=== Directions for this task ===
Repeat each entry word for word; the images are not part of the copy.

Records drawn from a dataset
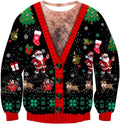 Hairy Chest Cardigan Illusion Christmas Sweatshirt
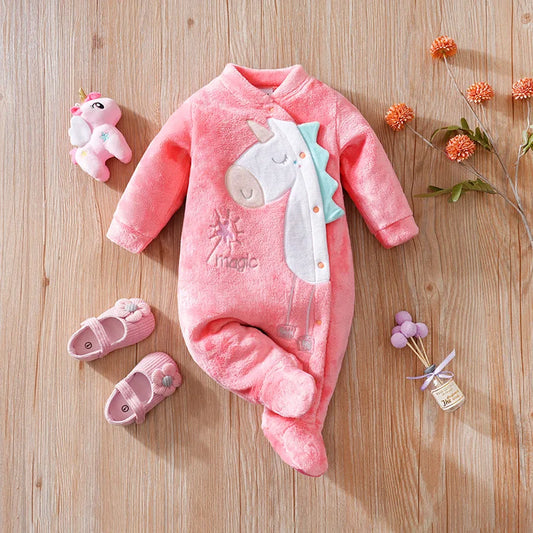 Cozy Newborn Pink Unicorn Footies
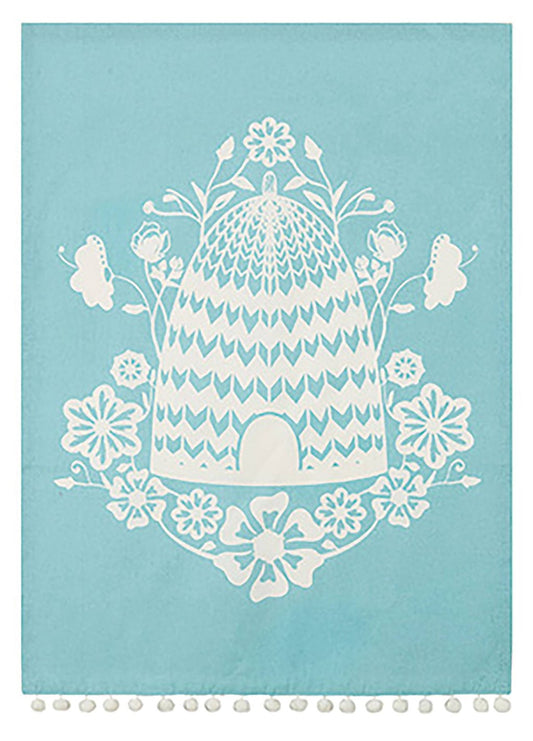 Bee Skep Pom Pom Turquoise Kitchen Towel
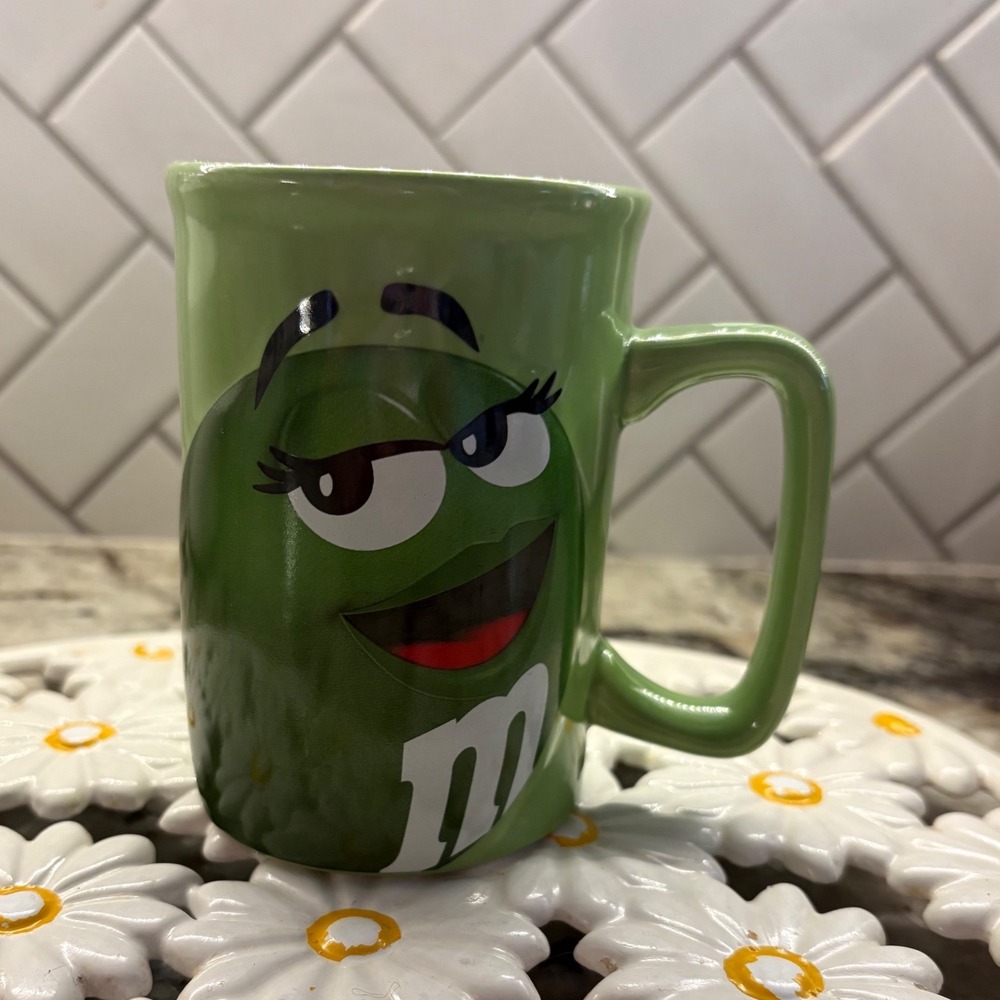 M&M's Coffee Mug Unisex OS GreMs Green Character Logo 2012 Ceramic p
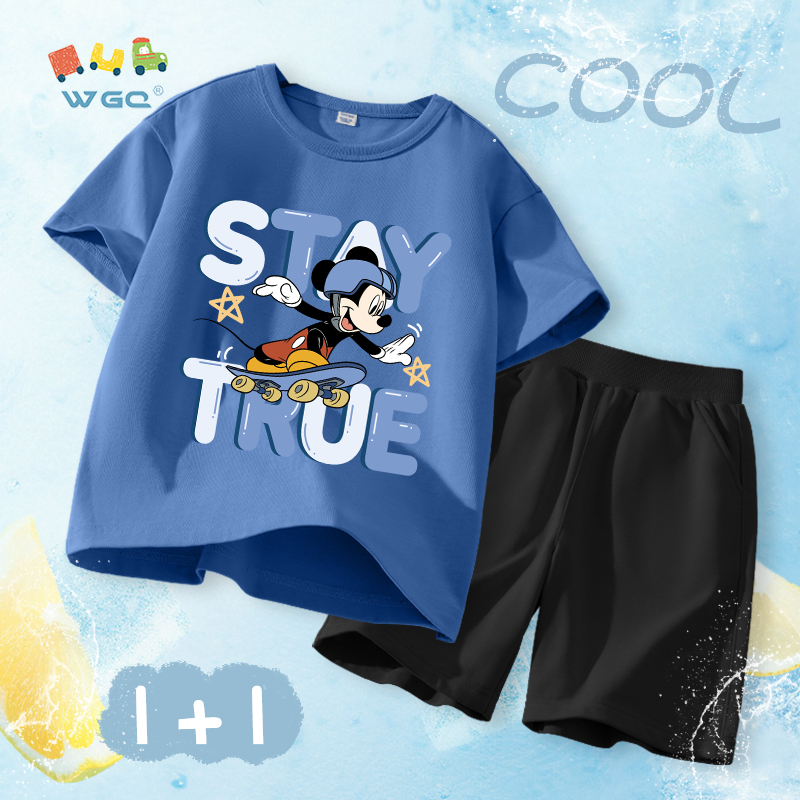 W.G.Q Bộ đồ bé trai，Áo thun và quần short có in hình Disney，Vải Cotton nguyên chất mềm mại thoải mái，thấm mồ hôi thoáng khí，Sản phẩm bán chạy mùa hè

=== Written response ===
 Hairy Chest Cardigan Illusion Christmas Sweatshirt
 Cozy Newborn Pink Unicorn Footies
 Bee Skep Pom Pom Turquoise Kitchen Towel
 M&M's Coffee Mug Unisex OS GreMs Green Character Logo 2012 Ceramic p
 W.G.Q Bộ đồ bé trai，Áo thun và quần short có in hình Disney，Vải Cotton nguyên chất mềm mại thoải mái，thấm mồ hôi thoáng khí，Sản phẩm bán chạy mùa hè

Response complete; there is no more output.